Replacement of the present complex system by a one-rate tax (of about 17%) on income above some threshold value, with no other exemptions or deductions, would be a fundamental reform with potential savings some 1200 times greater than those arising from Mr Emanuel's proposed elimination of island tax havens. Business costs could be deducted in the year in which they were incurred; the present ghastly and expensive depreciation code would be jettisoned. An interim trial period of several years could be chosen during which everyone could choose whether to calculate their taxes on the present system or on the new one-rate system.

A one-rate tax system is now envisaged for Iraq.

Arthur S. Lodge
Madison, Wisconsin

On October 22, 2003, 6 letters were published in the Wall Street Journal in reply to the Emmanuel article. My letter was not published.

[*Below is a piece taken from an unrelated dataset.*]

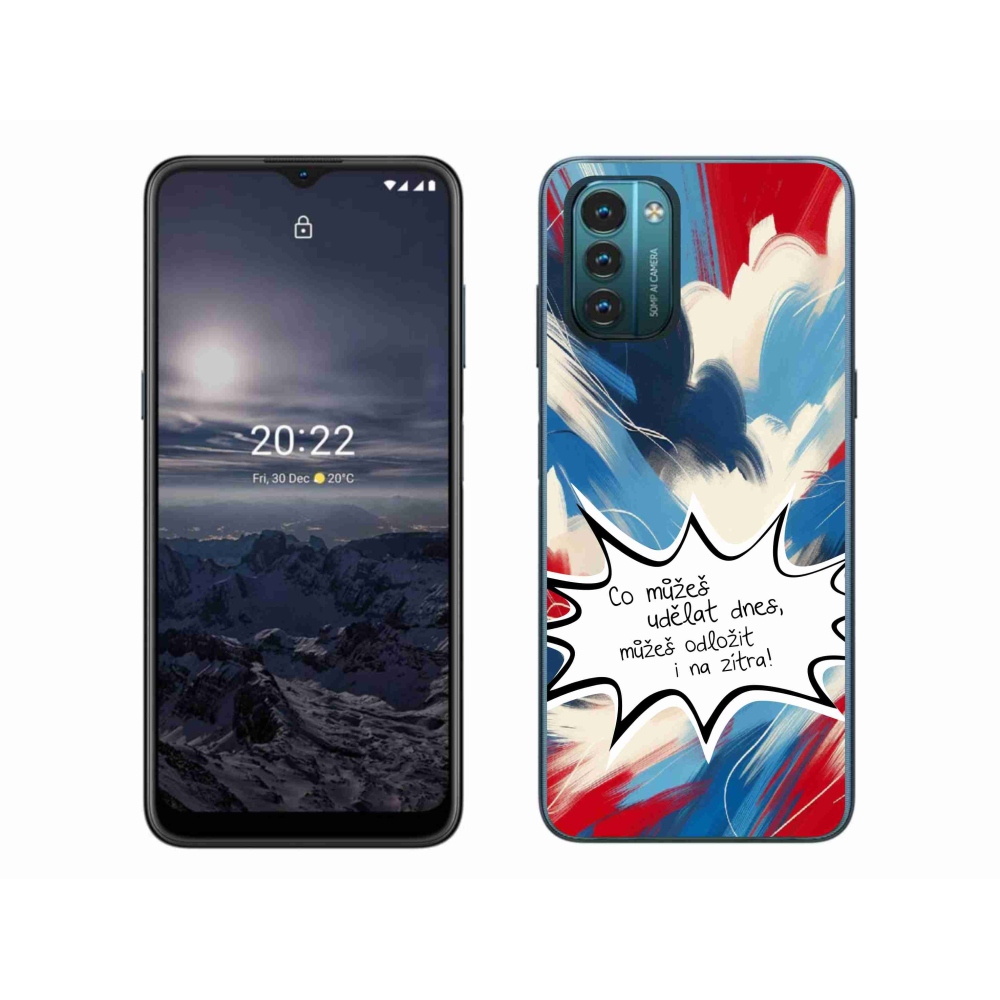 Gelový kryt mmCase na Nokia G11/G21 - vtipný text 9 bílé pozadí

The following letter was sent to the Wall Street Journal on October 31. It has not yet been published.

Global Warming  ®  Political Science?

Senator McCain rightly complains that "The debate on global warming…has become polluted by misinformation" (October 30). Unfortunately, he unwittingly illustrates this by his statement dismissing skeptics as nothing but would-be profiteers. I am a counter-example: my own healthy and informed skepticism profits me nothing. To the best of my knowledge, there is little, if any, credible evidence that human activity has ever had a significant effect on global temperature variations. The following are three of the important relevant questions to be answered. Some details and references are given at https://members.tripod.com/aslodge/id76.htm.

The saturation question. It is possible that the existing cloud cover, water vapor, and other greenhouse gas concentrations are already more than sufficient to reflect back all the infra-red radiation coming from the Earth. If this is so, then addition of more carbon dioxide to the atmosphere will have a negligible effect on global temperature. The increase of carbon dioxide concentration attributable to human activity is, in any case, only a very small fraction of all greenhouse gas and water vapor concentrations.

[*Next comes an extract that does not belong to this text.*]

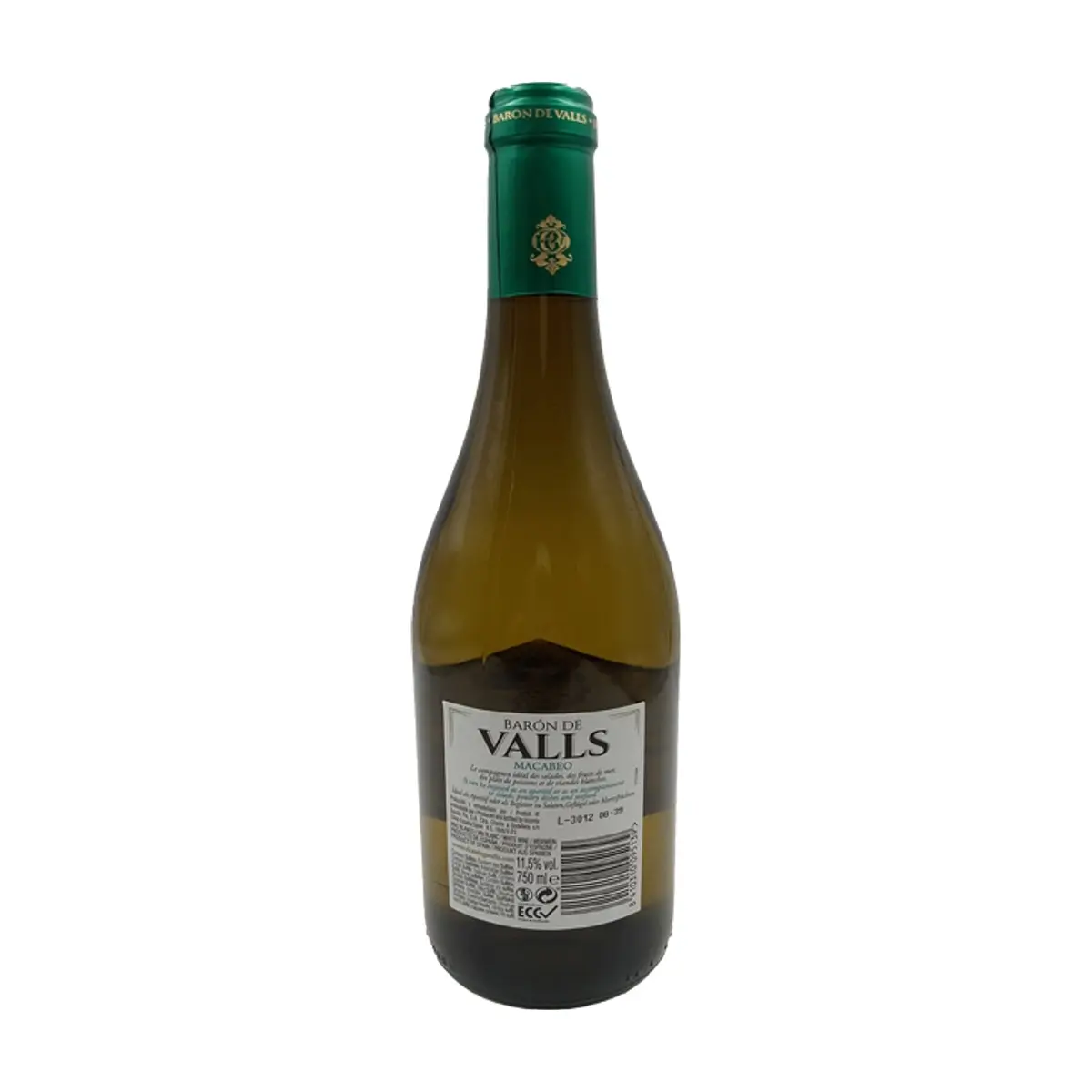 Vino blanco Macabeo Barón de Valls (750 ml) - Thumbnail 2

The chicken-and-egg question. Did the recent increase in carbon dioxide concentration come before or after the recent increase in global temperature? It is possible that the latter caused the former, perhaps due to release of carbon dioxide by oceans as they warm up.

The solar wind question. There is a seemingly striking correlation between global temperature variations and sunspot activity variations over the last 400 years. Over a shorter period, there is also some correlation between variations in cosmic ray intensity and cloud cover. Although an accepted underlying mechanism has not yet been published, the data suggest that most, if not all, variations in global temperature could perhaps somehow be due to variations in sunspot activity causing variations in solar wind causing variations in cosmic ray intensity causing variations in cloud cover.

 In the seventies, there was media anxiety about the effects of global cooling. Perhaps if Senator McCain were to contain his indignation for a little while longer, our understanding might develop in a direction that would let his present urgent desire for "action … to slow the progression of climatic change" vanish like mist in the morning sun.